NOTE: If you cannot run GMER as indicated above, save a scan from the initial startup scan.

• Before scanning, make sure all other running programs are closed & no other actions like a scheduled antivirus scan will occur while the scan is being performed. Do not use your computer for anything else during the scan
• Double click the gmer.exe file
• The program will begin to run & perform an initial scan. If possible rootkit activity is found, you will be asked if you would like to perform a full scan. Click No
• After the "initial scan" is complete, click on the Save button, save the log file to your desktop & post it in your reply

To post in next reply:
Contents of New DDS log
Contents of New Attach.txt
Contents of Gmer log

[plug_it_in]

Data posted below .

I had problems running GMER with BSOD's . In the end I used msconfig disabled all but Microsoft Servies and disabled all Startup and on the 5th attempt ran to completion. Note GMER Log in two parts. When it starts it does a quick scan and that the first log. The second list is after hitting the scan button (this is where it crashed usually in its own driver)

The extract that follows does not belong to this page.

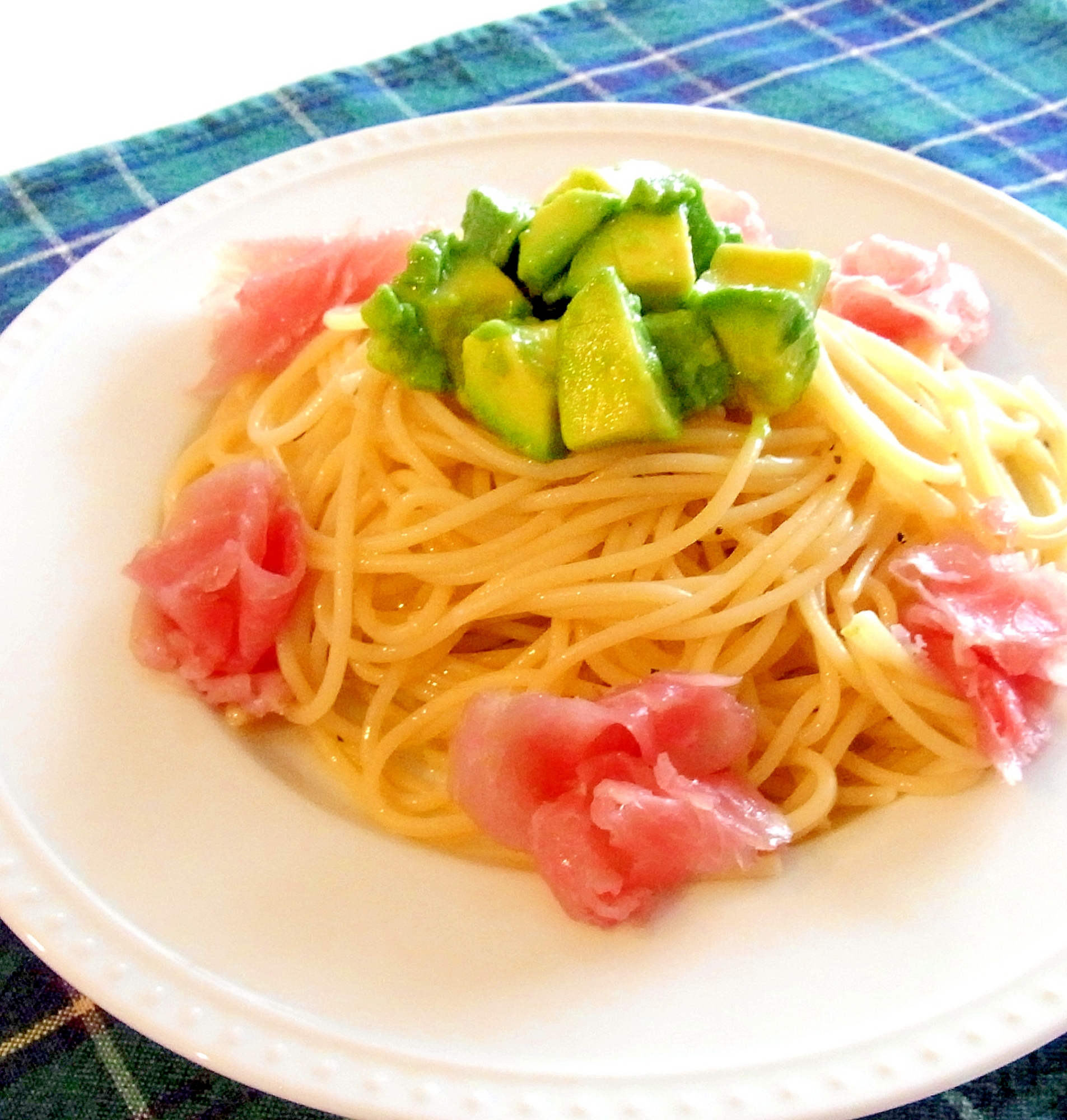 生ハムとアボカドの冷製パスタ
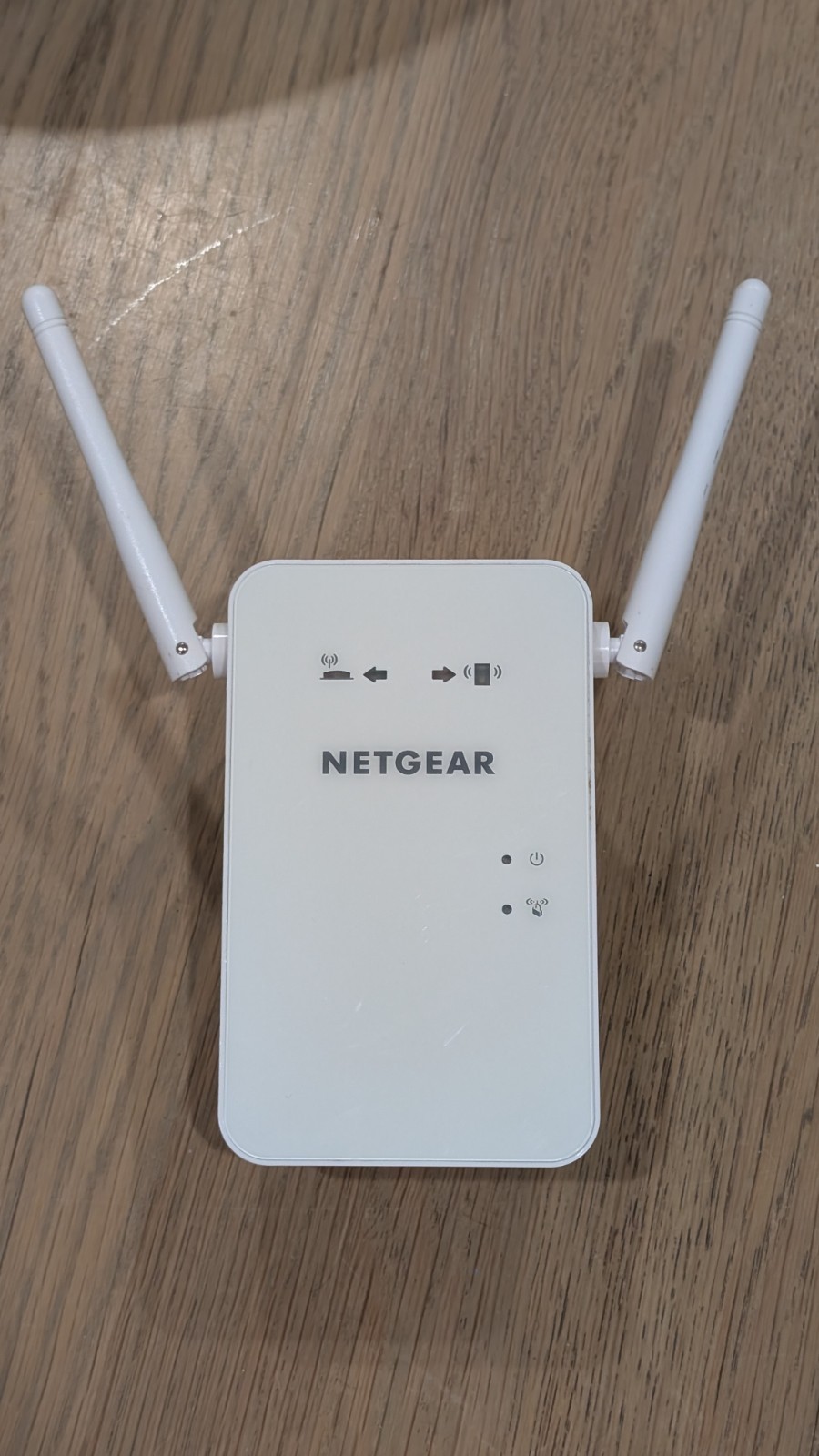 NETGEAR WIFI Range Extender Model EX6100v2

I tried posting all the input you wanted but it exceeds the input capacaty so I have attached a zip of all files

[jmw3]

Hi

While I'm going through this lot, please also run the following:

Rootkit Unhooker
Download Rootkit Unhooker from Here & save it on your desktop.

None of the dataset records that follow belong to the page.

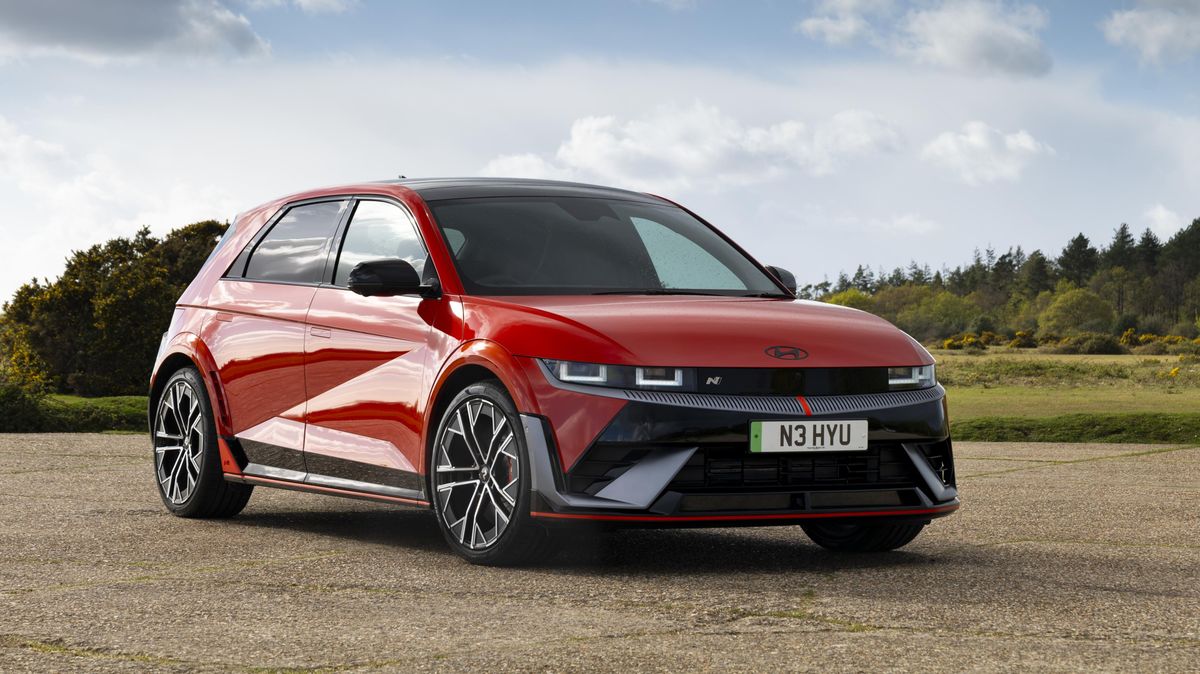 Test zběsilého elektromobilu Hyundai Ioniq 5 N: Před tímto svezením jsem neměl obědvat!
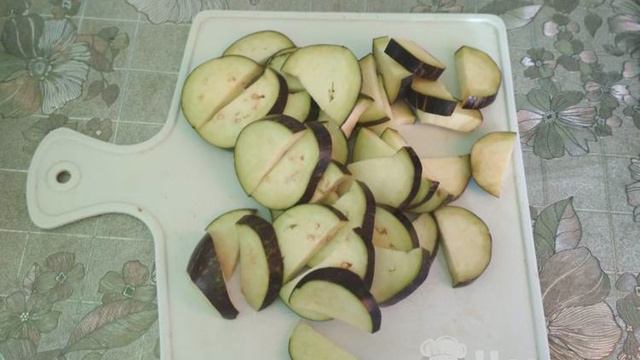 Жареные баклажаны с чесноком, помидорами и майонезом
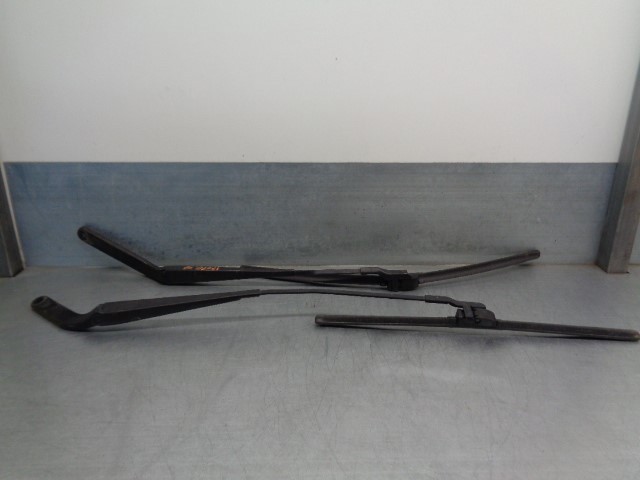61617153736 BMW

• Disable your security programs
• Double click RKUnhookerLE.exe to run it
• Click the Report tab, then click Scan
• Check Drivers and Stealth Code, uncheck the rest, then click OK
• When prompted to Select Disks for Scan, make sure C:\ is checked then click OK
• Wait till the scanner has finished then go File > Save Report
• Save the report somewhere you can find it such as your desktop then click Close
• Copy/paste the entire contents of the report & post it in your next reply

Note - You may get the following warning - it is ok - just ignore it:

"Rootkit Unhooker has detected a parasite inside itself!
It is recommended to remove parasite, okay?"

[jmw3]

View Hidden Files & Folders Windows XP
To view Hidden Files & Folders do the following:
Click Start
Open My Computer
Select the Tools menu and click Folder Options
Select the View Tab
Under the Hidden files and folders heading select Show hidden files and folders
Uncheck the Hide protected operating system files (recommended) option
Click Yes to confirm
Click OK

Upload Files for Scanning
Go to VirusTotal & upload the following File/s for scanning.

• Click Browse
• Copy & paste the following File & Path in the text box next to File name: then click Open
  Code:

  c:\windows\neoqaz2.dll

• Click Send File
• If confronted with two options, choose Reanalyse file now
• Wait for scans to finish then copy & paste the URL from your browser address bar in your next reply

[plug_it_in]

http://www.virustotal.com/file-scan/...858-1285333222

[jmw3]

Since this issue appears to be resolved ... this Topic has been closed.

Note:If it has been four days or more since your last post, and the helper assisting you posted a response to that post to which you did not reply, your topic will not be reopened. At that point, if you still require help, please start a new topic and include fresh DDS & Attach logs and a link to your previous thread.

If it has been less than four days since your last response and you need the thread re-opened, please send me or Moderator a private message (pm). A valid, working link to the closed topic is also required.